Strona 2 odpowiedzi na pytanie: Szkoła rodzenia a ojciec
Re: Szkoła rodzenia a ojciec
może poprostu sama sprawdzisz? co do tej paranoi, to już tak jest, że człowiek ciągle się martwi czy wszystko jest w porządku…
A.
Do Helgi
Mój zgodził się dopiero wtedy jak go zapewniłam, że chodzenie ze mną do szkoły rodzenia nie oznacza przymusu uczestniczenia w porodzie (a to go przerażało).
Pozdrowienia
smoki
Re: Szkoła rodzenia a ojciec
Ja jestem Strzelcem więc nie będę zaprzeczać, że to dobry znak:)
Pozdrowienia
smoki
Re: Szkoła rodzenia a ojciec
Ja też :)) ja też :)) jestem Strzelcem i mój mężulek tez jest to najlepsze znaki pod slońcem hi hi hi.
Ale mamy tak rózne charaktery że znajomi twierdzą że dobraliśmy się na zasadzie przeciwieństw :). On z początku znaku ja z końca.
Mój mężulek ma stoicki spokój nic go nie rusza, a ja wszędzie pędze i głowe gubie hi hi 🙂
On mnie uspokaja a ja jego wprawiam w ruch moimi nowymi pomysłami.
We wrześniu będziemy 2 lata po ślubie a znaliśmy się tylko rok. Co ciekawsze po 2tyg. znajomości zamieszkaliśmy razem 🙂
I tak mieszkamy do dziś jesteśmy bardzo szczęśliwym małżeństwem. To było przeznaczenie 🙂
Całuski
Ksantia
Re: Do Smoki
A mój twierdzi, że chce być przy porodzie, tylko nie ma siły na te nudy w szkole rodzenia:) Na dodatek ma sprzymierzeńca, faceta mojej przyjaciółki, która niedawno urodziła. On tez twierdzi, że szkoła to strata czasu. I jak tu chłopa przekonać. Ja po prostu płaczę i on wtedy ulega, hi, hi
Do Helgi
Też metoda! Tyle, że z moim by nie zadziałała 🙂
Pozdrowienia
smoki
Re: Do Helgi
U mnie podziałało, bo mój chłop widział mnie płaczącą dwa razy w życiu, jak umarł mój ojciec, a potem umarł mój pies. Trzeci raz to był płacz z powodu jego odmowy chodzenia do szkoły rodzenia. Uznał więc zapewne, że to ważna sprawa i dlatego się zgodził. Pozdrawiam
Re: Szkoła rodzenia a ojciec
U nas było tak…
Szkoła rodzenia? Dlaczego nie, ale poród… ufff “nie wiem, ja chyba nie chcę, boję się”
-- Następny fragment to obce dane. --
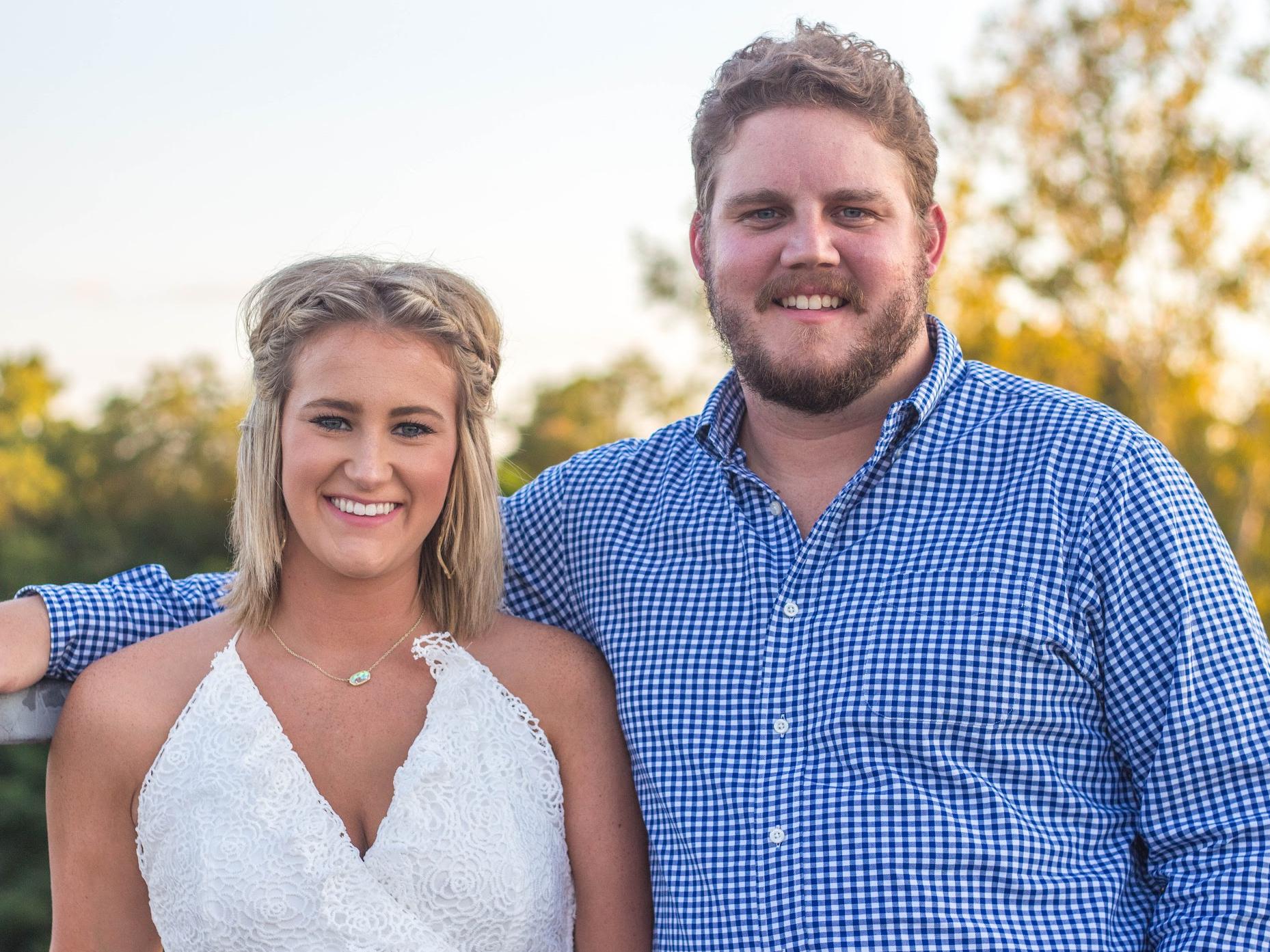 The Wedding Website of Jessica Rohlmeier and Carson Carter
Do szkoł rodzenia chodzimy, rozmawiamy, oglądamy filmy o porodach i… cud się stał, bo mój chłop teraz zapiera się aby BYĆ PRZY PORODZIE!!! Tylko ja teraz nie wiem czy chcę aby ze mną był…
Aga
Agnieszka
Re: Szkoła rodzenia a ojciec
Tobie to dobrze… Twój chłop to dobry chłop. Pozdrawiam
Re: Szkoła rodzenia a ojciec
Bardzo prostego, to przecież też jego dziecko. Razem je poczęliśmy to niby dlaczego razem mamy sie nim nie opiekować, kochać, uczyć i wychowywać. Bardzo przepraszam, ale decyzja o dziecku to decyzja dwojga /zazwyczaj/ a nie tyklko kobiety.
Re: Szkoła rodzenia a ojciec
Zgadza się, ale chłop uważa, że ani ja, ani on nie musimy chodzić do szkoły rodzenia, bo to marnowanie czasu. On uważa za bezzasadne, abyśmy obeje tam chodzili. I jak go tu przekonać. Trzeb ryczeć:)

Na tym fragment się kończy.